— PROBLEM REQUIREMENTS —
Report each line of the listing below that holds "Rubber".
= Beginning of Section =
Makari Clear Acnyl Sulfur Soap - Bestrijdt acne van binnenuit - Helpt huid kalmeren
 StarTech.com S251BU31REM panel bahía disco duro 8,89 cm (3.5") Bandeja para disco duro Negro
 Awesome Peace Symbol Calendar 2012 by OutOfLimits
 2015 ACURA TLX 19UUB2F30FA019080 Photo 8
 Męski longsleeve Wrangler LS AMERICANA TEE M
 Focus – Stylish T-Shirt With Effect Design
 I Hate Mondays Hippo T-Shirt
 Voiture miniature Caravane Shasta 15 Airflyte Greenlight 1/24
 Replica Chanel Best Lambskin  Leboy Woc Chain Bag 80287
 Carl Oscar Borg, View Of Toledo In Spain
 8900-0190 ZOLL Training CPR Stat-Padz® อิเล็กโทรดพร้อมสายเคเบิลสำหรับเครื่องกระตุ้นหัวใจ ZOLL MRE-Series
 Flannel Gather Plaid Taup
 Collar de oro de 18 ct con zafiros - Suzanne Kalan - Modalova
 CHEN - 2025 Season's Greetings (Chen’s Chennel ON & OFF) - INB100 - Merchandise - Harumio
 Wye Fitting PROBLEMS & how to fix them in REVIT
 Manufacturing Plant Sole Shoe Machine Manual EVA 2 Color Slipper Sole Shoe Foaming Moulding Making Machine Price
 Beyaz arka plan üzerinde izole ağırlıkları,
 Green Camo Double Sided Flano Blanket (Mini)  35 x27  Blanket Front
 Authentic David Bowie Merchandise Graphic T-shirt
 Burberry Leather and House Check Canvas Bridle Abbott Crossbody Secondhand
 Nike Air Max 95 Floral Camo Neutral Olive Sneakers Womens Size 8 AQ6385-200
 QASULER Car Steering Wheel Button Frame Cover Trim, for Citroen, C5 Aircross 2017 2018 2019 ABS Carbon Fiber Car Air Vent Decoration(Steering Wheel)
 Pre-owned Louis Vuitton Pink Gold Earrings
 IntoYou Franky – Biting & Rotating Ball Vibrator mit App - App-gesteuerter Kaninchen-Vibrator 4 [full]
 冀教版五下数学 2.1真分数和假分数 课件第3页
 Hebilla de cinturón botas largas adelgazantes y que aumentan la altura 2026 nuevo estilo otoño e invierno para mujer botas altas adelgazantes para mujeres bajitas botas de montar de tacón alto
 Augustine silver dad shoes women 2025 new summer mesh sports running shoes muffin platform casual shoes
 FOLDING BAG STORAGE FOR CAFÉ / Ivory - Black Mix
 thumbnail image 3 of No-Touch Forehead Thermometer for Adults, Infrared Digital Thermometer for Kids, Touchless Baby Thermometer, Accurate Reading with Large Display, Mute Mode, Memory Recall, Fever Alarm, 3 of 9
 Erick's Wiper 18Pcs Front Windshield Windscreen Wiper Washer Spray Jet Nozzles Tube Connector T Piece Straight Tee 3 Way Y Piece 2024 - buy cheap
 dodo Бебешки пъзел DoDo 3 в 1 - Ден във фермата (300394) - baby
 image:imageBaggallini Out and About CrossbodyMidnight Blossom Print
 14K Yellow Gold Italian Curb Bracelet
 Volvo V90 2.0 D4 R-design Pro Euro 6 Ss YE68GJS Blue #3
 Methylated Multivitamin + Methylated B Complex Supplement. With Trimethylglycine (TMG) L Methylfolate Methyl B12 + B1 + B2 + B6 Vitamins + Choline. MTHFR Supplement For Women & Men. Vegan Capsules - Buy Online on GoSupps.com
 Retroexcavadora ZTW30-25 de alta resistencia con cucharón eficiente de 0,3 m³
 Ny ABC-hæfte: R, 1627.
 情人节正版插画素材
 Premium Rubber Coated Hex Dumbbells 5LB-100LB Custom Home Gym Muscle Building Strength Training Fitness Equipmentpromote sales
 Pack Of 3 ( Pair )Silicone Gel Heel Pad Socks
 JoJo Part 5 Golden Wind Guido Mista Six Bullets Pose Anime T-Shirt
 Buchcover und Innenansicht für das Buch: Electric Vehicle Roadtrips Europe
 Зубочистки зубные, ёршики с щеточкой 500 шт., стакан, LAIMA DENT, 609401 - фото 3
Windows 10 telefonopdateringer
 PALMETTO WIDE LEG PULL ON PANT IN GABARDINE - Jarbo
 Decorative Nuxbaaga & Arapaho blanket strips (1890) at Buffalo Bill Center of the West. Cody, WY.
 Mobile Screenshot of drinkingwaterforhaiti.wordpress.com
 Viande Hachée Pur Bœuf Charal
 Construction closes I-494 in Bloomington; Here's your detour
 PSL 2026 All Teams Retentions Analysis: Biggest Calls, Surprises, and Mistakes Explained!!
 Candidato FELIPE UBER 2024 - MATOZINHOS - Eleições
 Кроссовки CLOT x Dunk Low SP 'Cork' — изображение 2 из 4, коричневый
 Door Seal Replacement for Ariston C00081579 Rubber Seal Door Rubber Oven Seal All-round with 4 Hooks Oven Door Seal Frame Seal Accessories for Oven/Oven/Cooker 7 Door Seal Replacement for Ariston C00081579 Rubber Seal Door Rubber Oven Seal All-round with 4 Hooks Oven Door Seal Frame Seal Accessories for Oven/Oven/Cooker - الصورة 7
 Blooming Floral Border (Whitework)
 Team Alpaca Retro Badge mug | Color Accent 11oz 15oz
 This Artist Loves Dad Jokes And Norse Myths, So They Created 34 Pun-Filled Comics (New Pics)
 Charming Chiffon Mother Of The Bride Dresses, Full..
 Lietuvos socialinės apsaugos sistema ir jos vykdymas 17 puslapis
= End of Section =
— RESULT OF THE EXERCISE —
 Premium Rubber Coated Hex Dumbbells 5LB-100LB Custom Home Gym Muscle Building Strength Training Fitness Equipmentpromote sales
 Door Seal Replacement for Ariston C00081579 Rubber Seal Door Rubber Oven Seal All-round with 4 Hooks Oven Door Seal Frame Seal Accessories for Oven/Oven/Cooker 7 Door Seal Replacement for Ariston C00081579 Rubber Seal Door Rubber Oven Seal All-round with 4 Hooks Oven Door Seal Frame Seal Accessories for Oven/Oven/Cooker - الصورة 7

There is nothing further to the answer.